**What is expected**: Set down exactly the lines from the first line of the records through the line that contains "A garland of", and leave every picture out.

**Data for this exercise**:
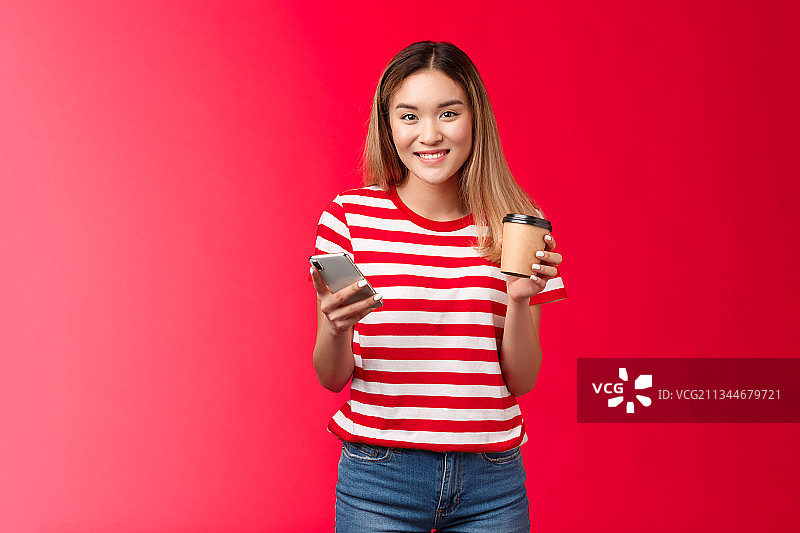微笑的年轻女子肖像拿着咖啡杯在红色的背景图片素材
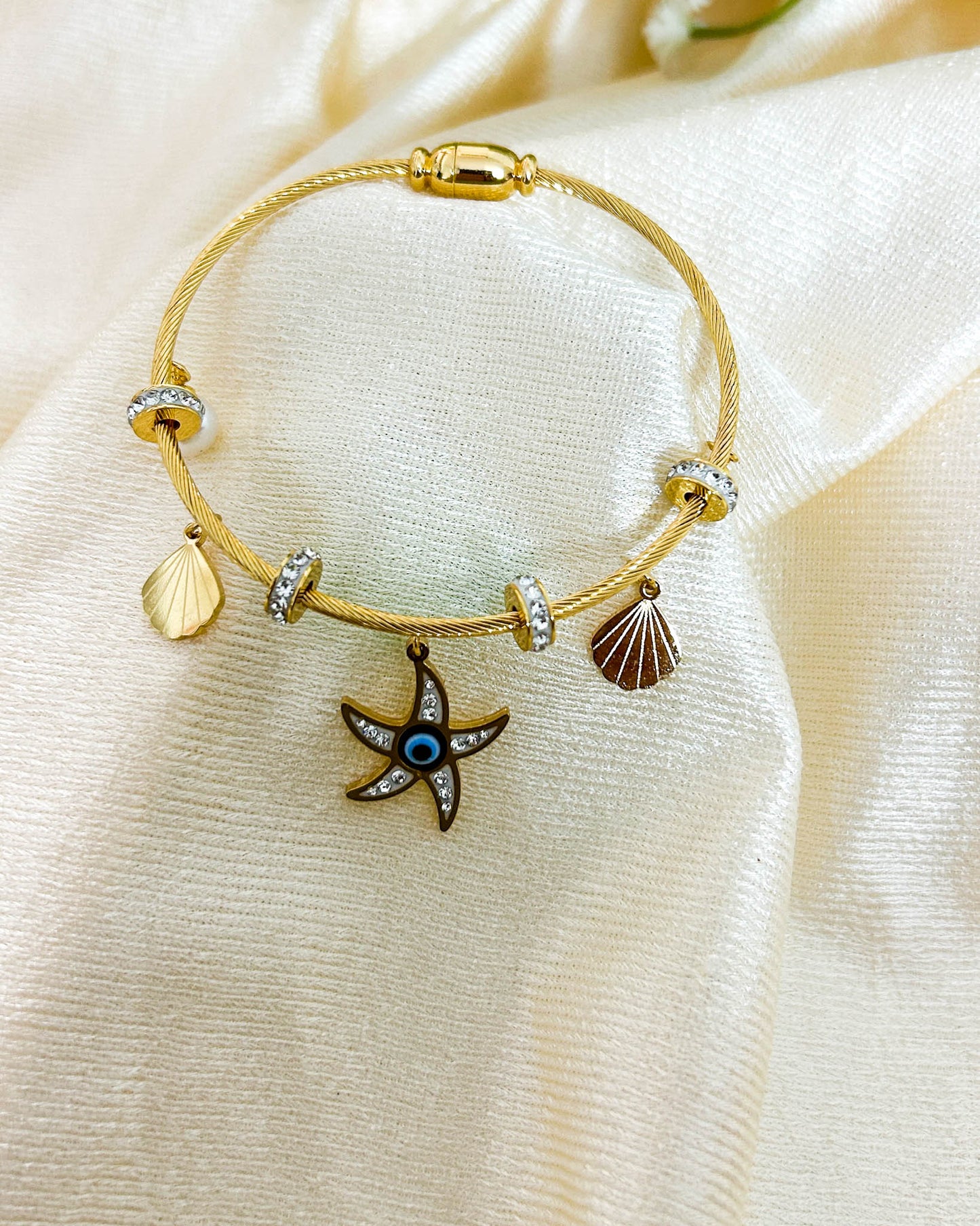 Evil eye starfish charm bracelet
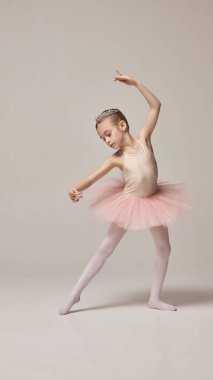 Zarif bir çocuk, sevimli küçük balerin, pembe etek ve taç giymiş, sıcak gri arka planda dans hareketleri yapıyor. Bale anlayışı, zarafet ve güzellik, zarafet. Ad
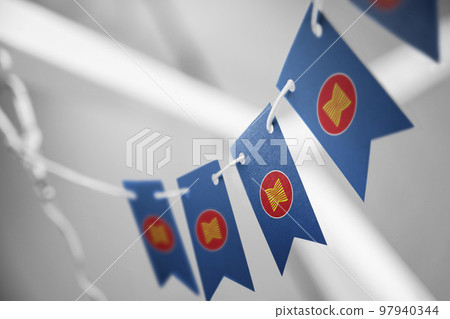 A garland of ASEAN national flags on an abstract blurred background 97940344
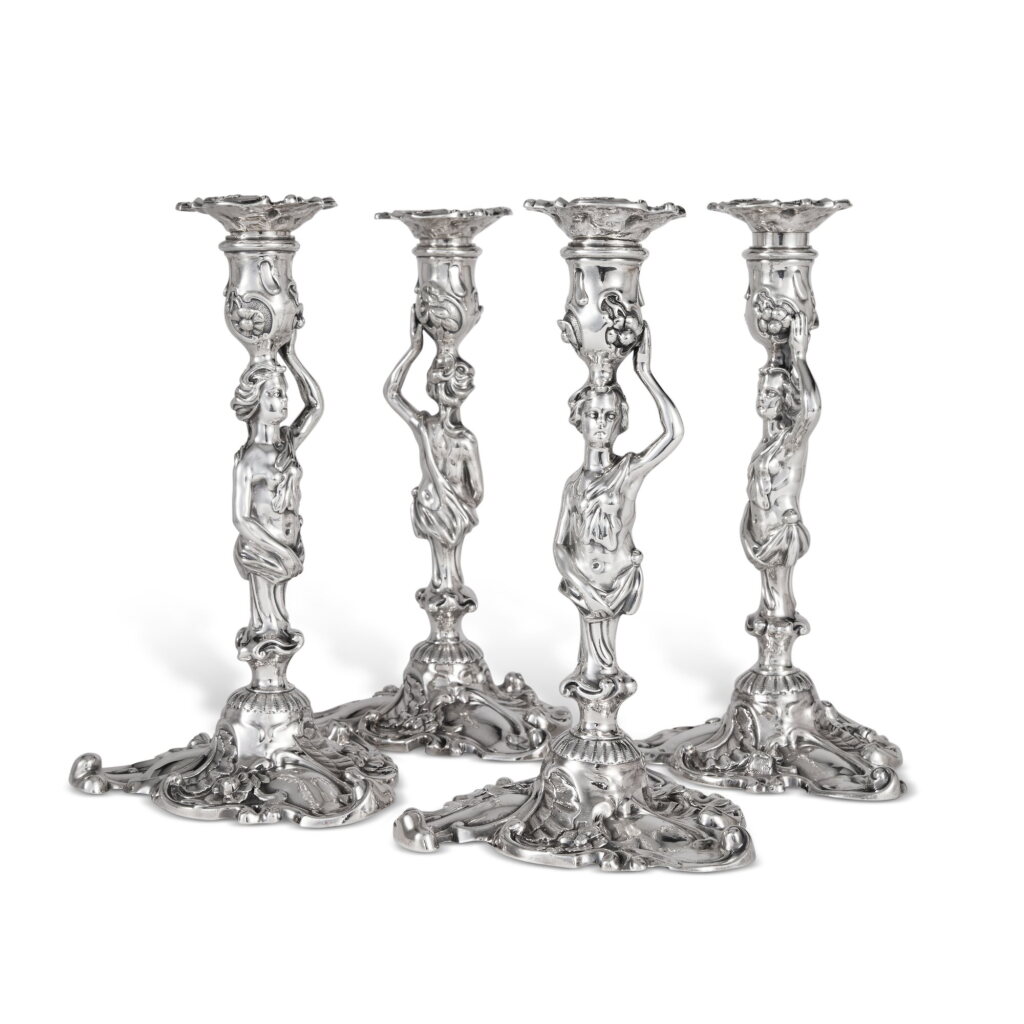 View full screen - View 1 of Lot 116. A Set of Four George II Silver Figural Candlesticks, Henry Hayens, London, 1750.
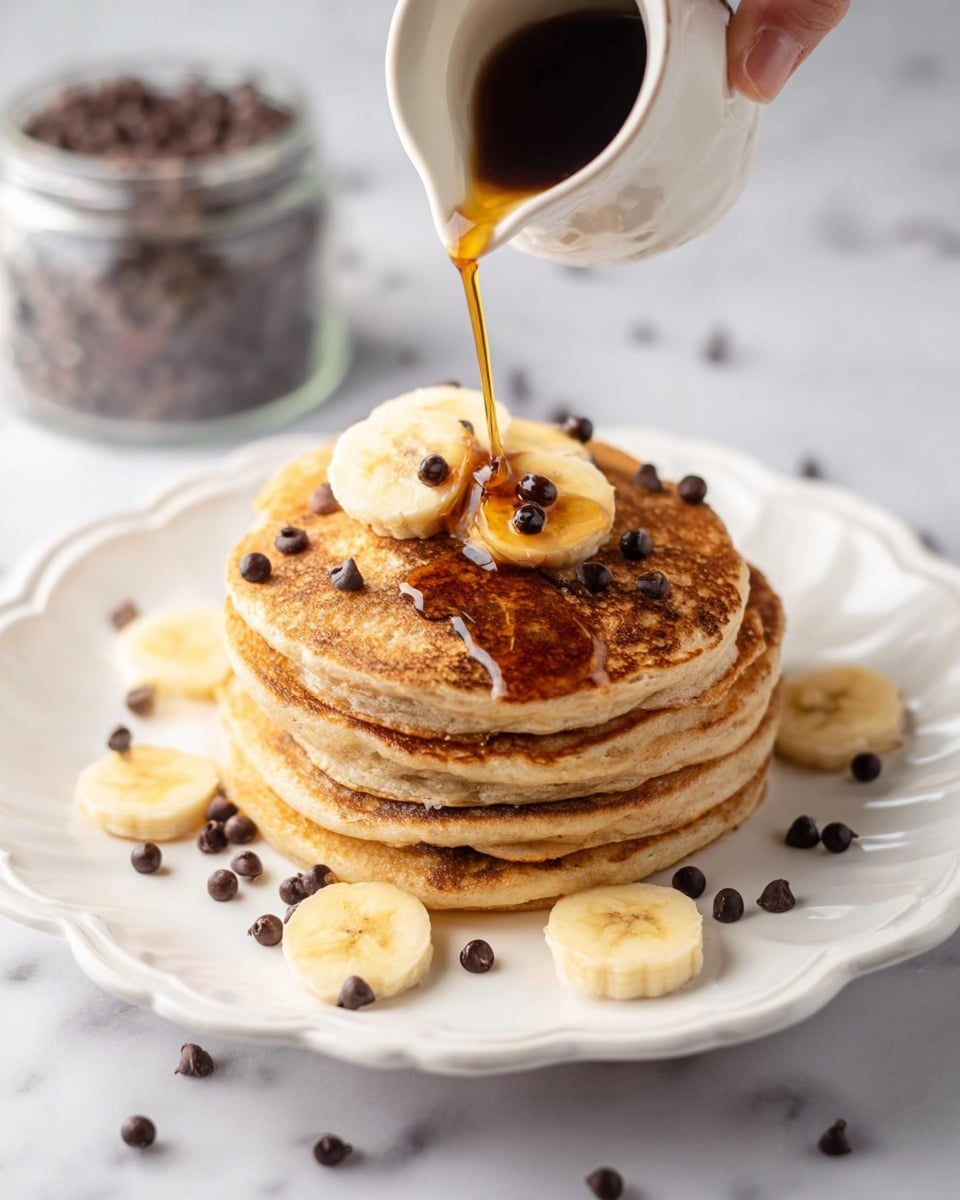 A stack of five golden-brown pancakes sits on a white scalloped plate placed on a white marbled surface. The pancakes have a soft, fluffy texture with visible tiny air holes. The top pancake is decorated with round banana slices and small chocolate chips scattered on them. Maple syrup gently glistens over the pancakes and pools slightly at the base, covering more banana slices. A fork is lifting three small stacked pieces of pancake near the plate's right edge, showing the airy inside. photo taken with an iphone --ar 4:5 --v 7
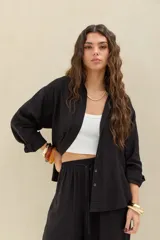 Camisa negra de manga larga, corte oversize, con cierre frontal de botones y cuello camisero.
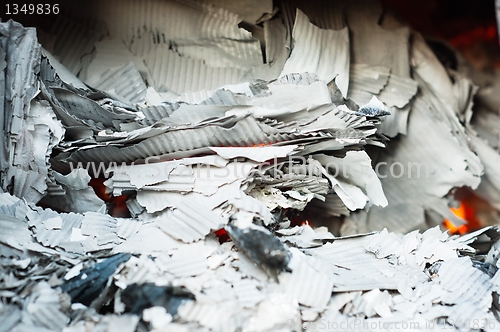 Image of Papers burning in recycle center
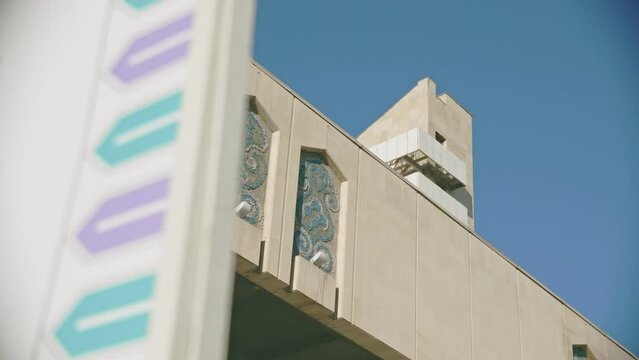 Tatar patterns on concrete facade of public building in city under blue sky low angle shot. Urban architecture style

**Reply**:
微笑的年轻女子肖像拿着咖啡杯在红色的背景图片素材
 Evil eye starfish charm bracelet
 Zarif bir çocuk, sevimli küçük balerin, pembe etek ve taç giymiş, sıcak gri arka planda dans hareketleri yapıyor. Bale anlayışı, zarafet ve güzellik, zarafet. Ad
 A garland of ASEAN national flags on an abstract blurred background 97940344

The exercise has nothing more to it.